以前に記した 108 ネットスケープナビゲーター を繰り返すが、イリノイ大学のNCSAのマーク・アンドリーセンがNCSA Mosaicなるブラウザを開発し1993年にリリースする。NCSAモザイクはネット経由で広まり、モザイクの開発はイリノイ大学のNCSAで行われ、著作権もそこにあった。最初はXウインドウ向けだったが、ウインドウズ、マックへと移植されていった。


NCSA MOSAIC(画像:Wikipedia)

マーク・アンドリーセンはNCSAと決別し、その後ジム・クラーク(シリコン・グラフィックスの創業者、ターミネーターⅡの特殊効果やジュラシック・パークの恐竜たちはここで誕生している)とモザイク・コミュニケーションズを1994年に立ち上げた。但し、MOSAICの名称にNCSAに抗議され、直ぐネットスケープコミュニケーションズに社名変更。

Mosaicは色々な会社からライセンス交渉が来るため、NCSAはイリノイ大学の卒業生が創業したスパイグラス社(Spyglass)にライセンス契約を与えた。(らしい…)


Mosiac Netscape 0.9 beta (画像:※1)

当時は単純なサイト表示だったが、ビル・ゲイツがブラウザの重要性を知った時のNetscape Navigatorは既に圧倒的なシェアを誇っていた。ゲイツはNetscape Navigatorなるブラウザの市場独占を異常に恐れた。
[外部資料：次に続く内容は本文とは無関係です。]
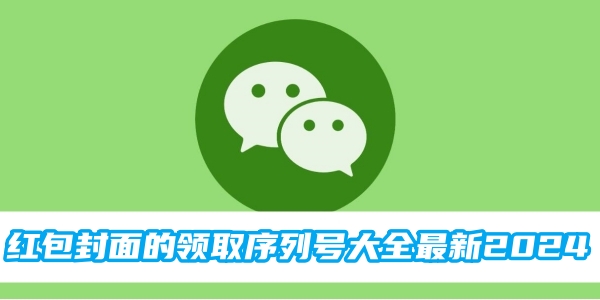 红包封面的领取序列号大全最新2024[图1]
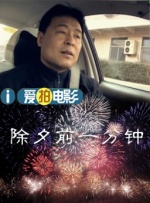 欧美视频在线免费看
マイクロソフトの牙城を寝食される可能性があるからだ。

しかし、ブラウザをゼロから開発しては とてもWindows95の出荷に間に合わない。そのためモザイクのソースコードをマイクロソフトは欲しがった。そのモザイクのライセンス窓口がスパイグラス社だ。マイクロソフトはスパイグラス社に交渉するしかなかった。


ビル・ゲイツⅠとⅡ 脇 英世 著

「ビル・ゲイツⅡ 脇 英世 著」の354頁に詳細が記されていた。ビル・ゲイツの書籍はスティーブ・ジョブズの本と異なりパソコンの歴史と重なるため、書籍タイトル「ビル・ゲイツ」と言うよりはマイクロソフトの歴史であり業界全体の歴史と非常に強くリンクしている。あちこちに付箋を付けて読み進めた。

文面が長くなるので要約すると、
スパイグラスとマイクロソフトの交渉は難航した。マイクロソフトはWindows95用としてのみNCSAモザイクに関心がある、1回限りの低金額での買い切りを出張、自前のブラウザを開発する検討がある、スパイグラス社以外にも交渉相手はある・・・と相手を揺さぶった。交渉は長引いた。
 ~ 中略 ~
1994年12月9日、マイクロソフトはスパイグラス社からWindows95とWindowsNT用にNCSAモザイクのコードのライセンス権を200万ドルで購入することに合意した。
 ~ 中略 ~
ここでNCSA Mosaicのソースコードをベースに、Windows95の発売に向けてインターネット・エクスプローラー1.0の開発が急ピッチで始まった。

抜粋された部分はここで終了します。